Carolyn: (1947) 63, secretary in a Lutheran church—–Oklahoma  (aka “Keeko”)

Joy: (1950) 60, controller at a surgical center, retired—–Illinois

Jim: (1951) 59, engineer—–Illinois

Elaine: (1953) 57, registered nurse—–Arkansas  (aka as “E”)

Russell: (1955) 55, carpenter, lumberjack—–Wisconsin  (aka “Buster”)

Charlie: (1959) 51, retired U.S. Air Force; now Aurora, Colorado cop (aka “Chickie”)

Some came with wives, husbands and/or children. An army of descendents.

Bill Bishop, the man she married in Chicago on Christmas Eve 1939, died March 9, 1999, after nearly sixty years of marriage.  He was a railroad man his entire career, The Rock Island Line.

Her one surviving brother, whom we call Uncle Donnie, 82, came from Pelican Rapids, Minnesota along with his two sons, David and Paul.

Helen herself, originally from a Norwegian/Danish farming family named Ness and Petersen, and who lived in Wolverton, Minnesota was born in 1919.  But I also heard she came from Comstock, Minnesota, about five miles south. I think this is an unresolved issue.

But what do I know?  I’m just the husband. I don’t even have blue eyes, so I keep out of any Scandinavian controversy.  I hear they all still carry big axes.  Better silent than axed.

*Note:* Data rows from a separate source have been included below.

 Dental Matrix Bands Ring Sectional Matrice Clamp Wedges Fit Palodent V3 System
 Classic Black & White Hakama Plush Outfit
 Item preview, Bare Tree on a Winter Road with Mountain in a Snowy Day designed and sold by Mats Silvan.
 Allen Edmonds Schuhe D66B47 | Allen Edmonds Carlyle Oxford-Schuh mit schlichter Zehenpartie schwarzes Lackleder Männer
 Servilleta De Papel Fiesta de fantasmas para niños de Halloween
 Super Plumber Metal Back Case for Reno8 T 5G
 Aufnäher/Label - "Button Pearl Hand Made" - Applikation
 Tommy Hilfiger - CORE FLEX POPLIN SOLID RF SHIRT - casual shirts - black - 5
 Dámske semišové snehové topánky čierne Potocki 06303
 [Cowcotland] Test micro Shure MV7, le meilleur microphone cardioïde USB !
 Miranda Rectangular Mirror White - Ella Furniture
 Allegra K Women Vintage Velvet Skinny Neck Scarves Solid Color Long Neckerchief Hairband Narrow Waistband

Both these obscure hamlets, hard by the North Dakotan border are just south of the Red River-traversing metropolis of Fargo-Moorhead which includes both states.  You go out there, don’t miss it.  Nice people, a stunning museum and an incredible number of snowplows.  Really.

I, ah, wouldn’t chance it in winter, which in this part of the North-Central USA runs from October to April.

Is this a eulogy?

Well, not exactly. Some of her kids and grandkids already did that in the Lutheran church service, including my wife who pleaded with all of her siblings to stay in touch and not drift apart.  I watched her and was very moved.  Will there ever be anything important enough to get them all together again?  Was Helen the one great bond?  Do they individually realize this?

Nope, this is a more permanent remembrance of her and about something remarkable that happened just after she was buried. Spoken words, however heartfelt and loving, drift away into the ether.  You write it down, there’s a chance they’ll linger.  Maybe even still be here when the great grandkids want to know about their nice Grandma and all the rest of us are no longer available.

I read my stories in public sometimes, except the ones I can’t read because they are too loaded with emotion.  This is one of those stories, so read it, people.  Helen deserves it.